> **TASK STATEMENT**
Please repeat the data below exactly, with the pictures removed.

> **STORED DATA**
_____

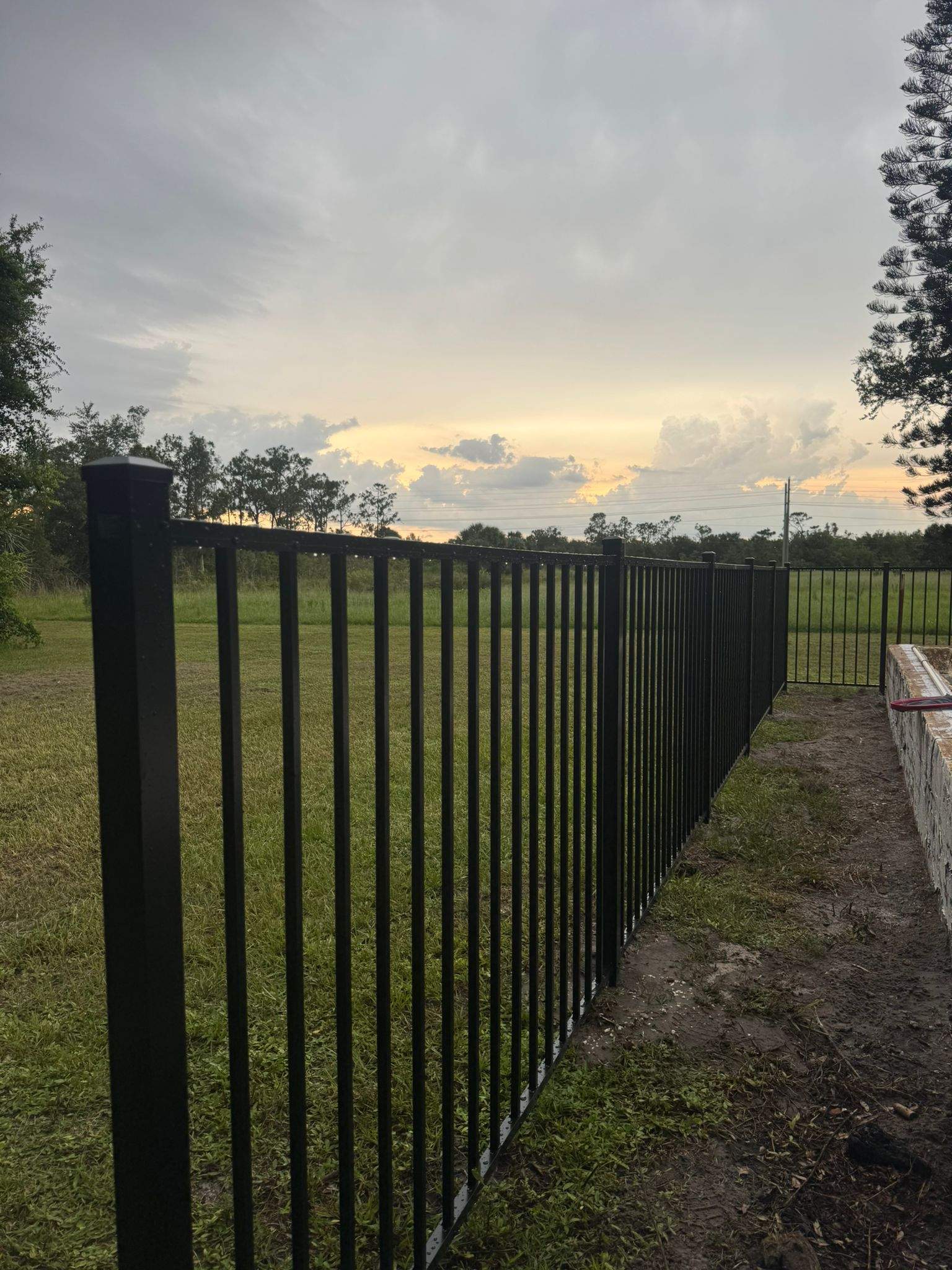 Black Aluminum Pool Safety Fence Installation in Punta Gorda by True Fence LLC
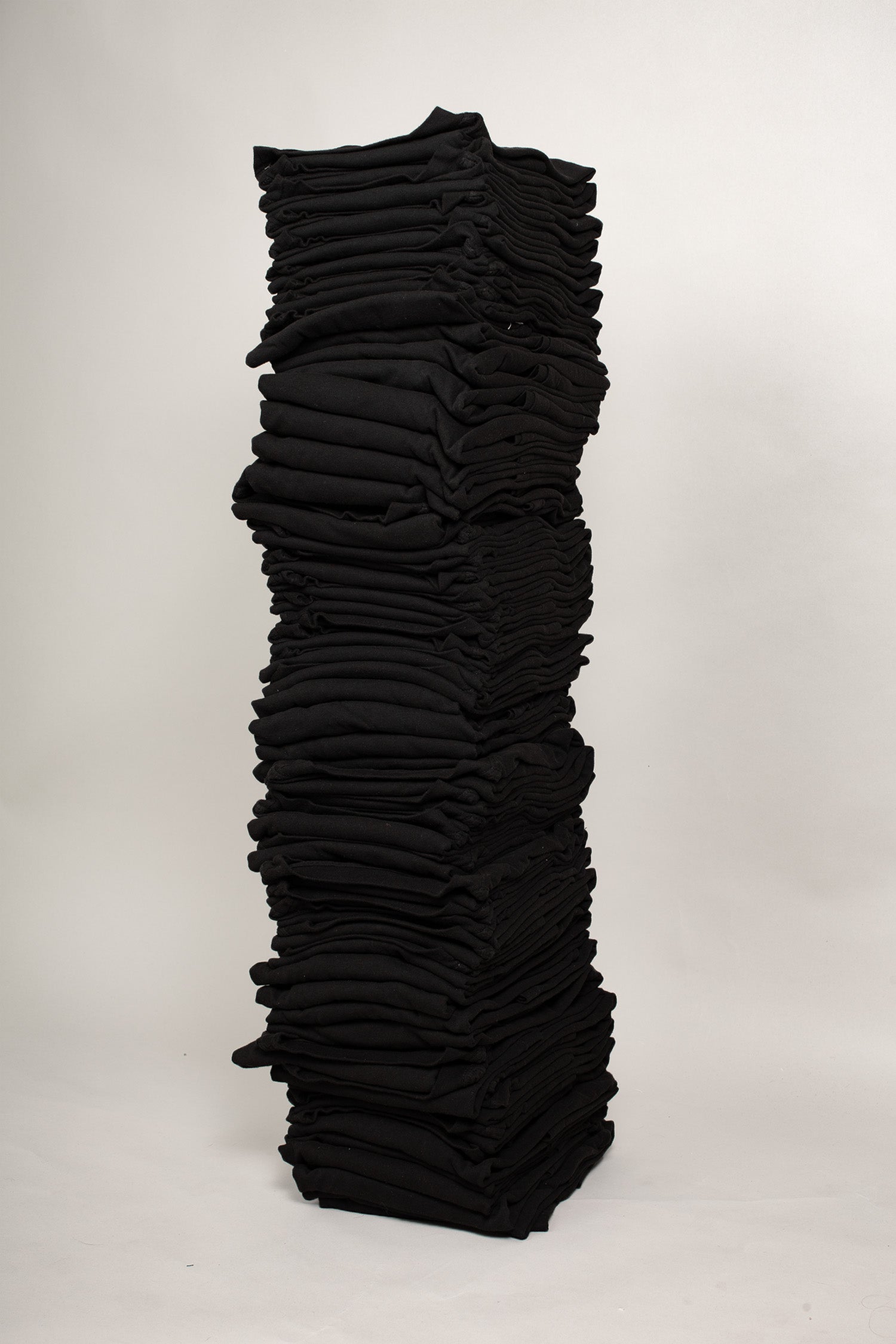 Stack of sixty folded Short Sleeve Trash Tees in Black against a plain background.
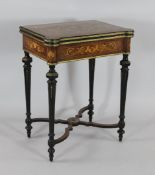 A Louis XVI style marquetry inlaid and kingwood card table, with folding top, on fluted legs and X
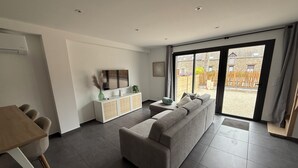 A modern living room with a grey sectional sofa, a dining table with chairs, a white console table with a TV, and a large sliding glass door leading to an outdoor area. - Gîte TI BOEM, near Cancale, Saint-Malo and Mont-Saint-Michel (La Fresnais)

_____

> **SOLUTION FOR THIS EXERCISE**
 Black Aluminum Pool Safety Fence Installation in Punta Gorda by True Fence LLC
 Stack of sixty folded Short Sleeve Trash Tees in Black against a plain background.
 A Louis XVI style marquetry inlaid and kingwood card table, with folding top, on fluted legs and X
 A modern living room with a grey sectional sofa, a dining table with chairs, a white console table with a TV, and a large sliding glass door leading to an outdoor area. - Gîte TI BOEM, near Cancale, Saint-Malo and Mont-Saint-Michel (La Fresnais)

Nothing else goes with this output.